### Task directions
Please transcribe exactly, and only, the lines of the data below between the line holding "La camiseta de" and the line holding "appartamento in vendita ad Oleggio", inclusive.

### Records for the exercise
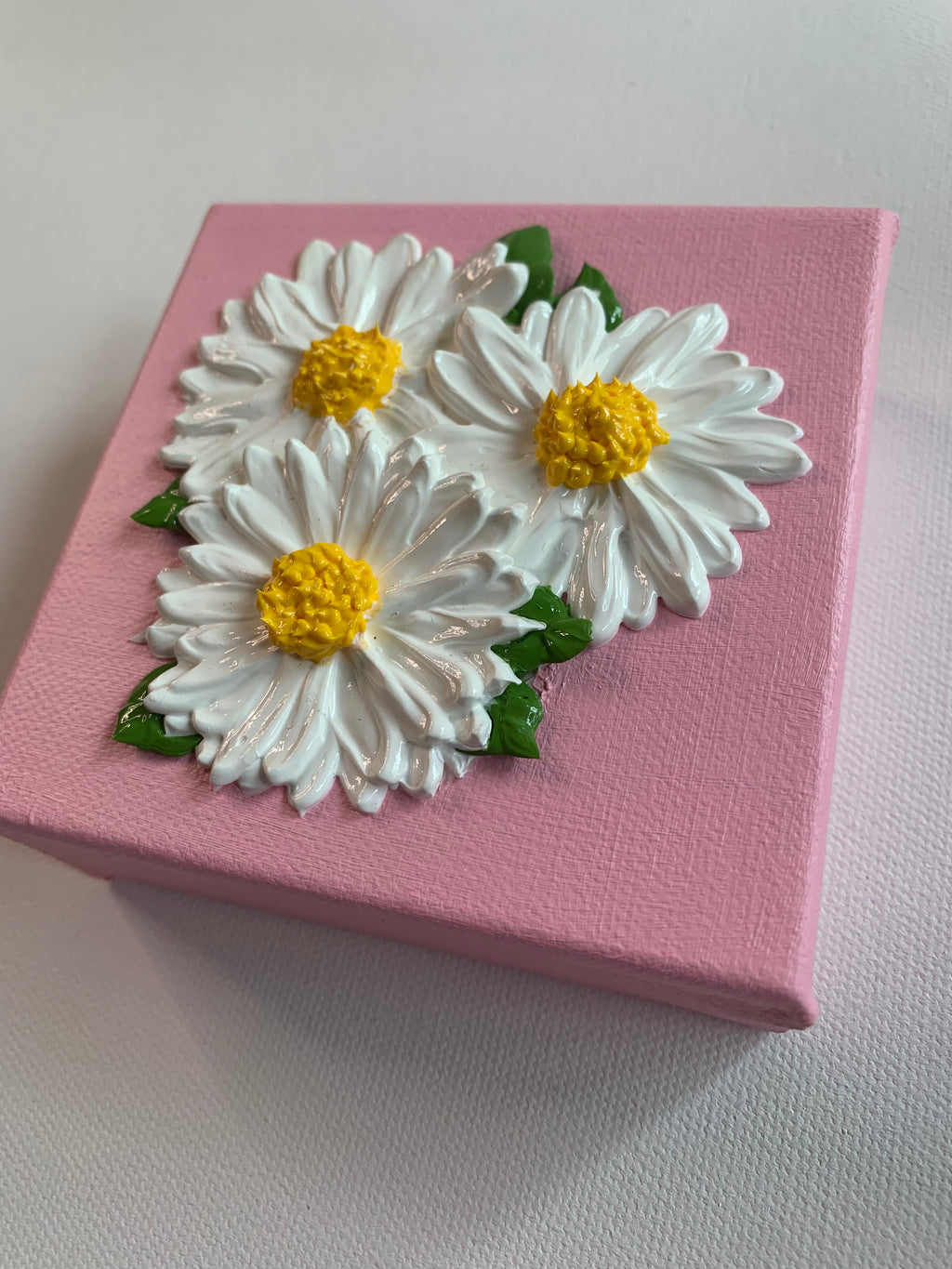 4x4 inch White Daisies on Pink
==
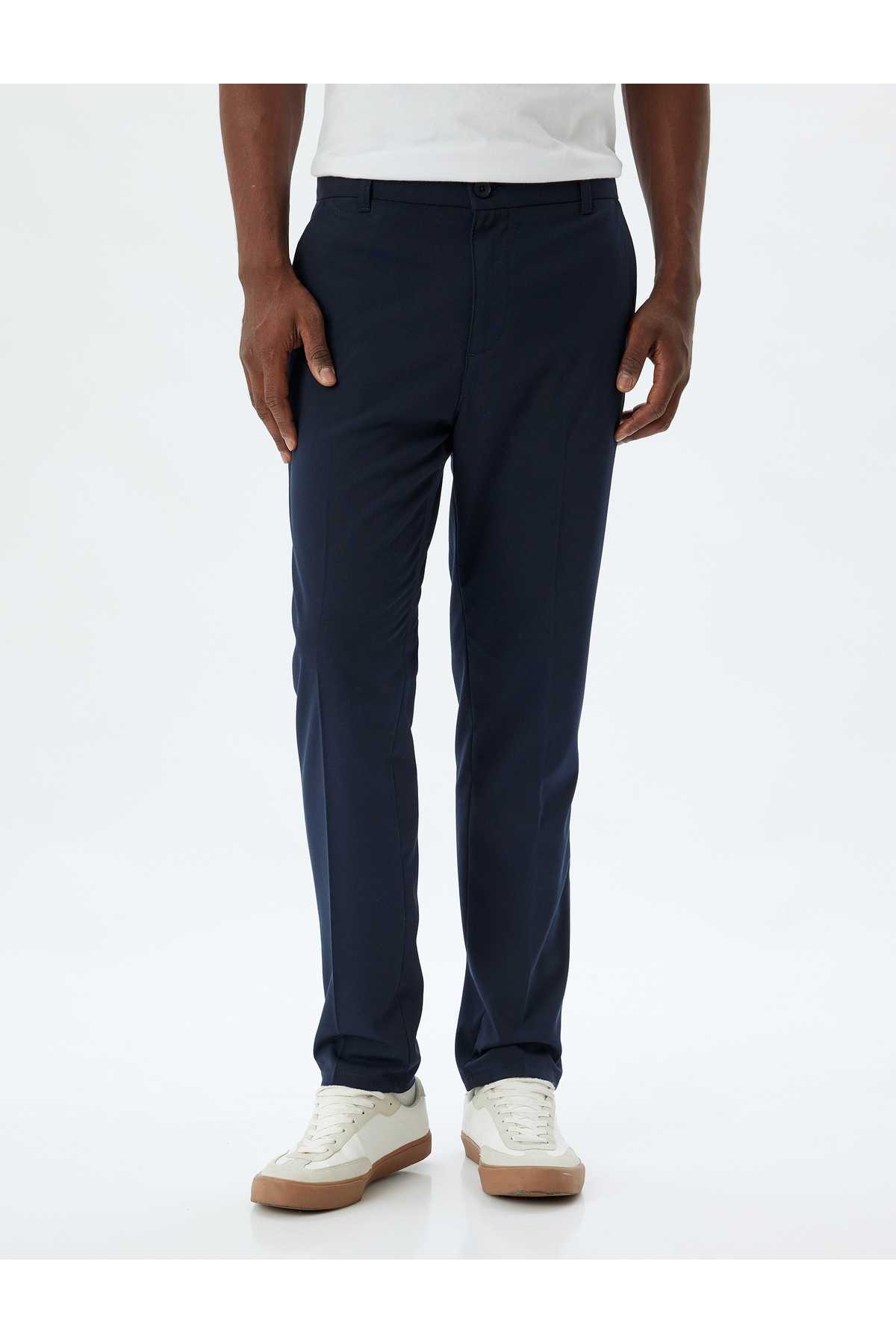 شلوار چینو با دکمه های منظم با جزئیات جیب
--
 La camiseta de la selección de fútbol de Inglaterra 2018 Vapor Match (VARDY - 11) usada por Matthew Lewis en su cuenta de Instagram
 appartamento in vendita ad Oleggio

### Solution to the problem
 La camiseta de la selección de fútbol de Inglaterra 2018 Vapor Match (VARDY - 11) usada por Matthew Lewis en su cuenta de Instagram
 appartamento in vendita ad Oleggio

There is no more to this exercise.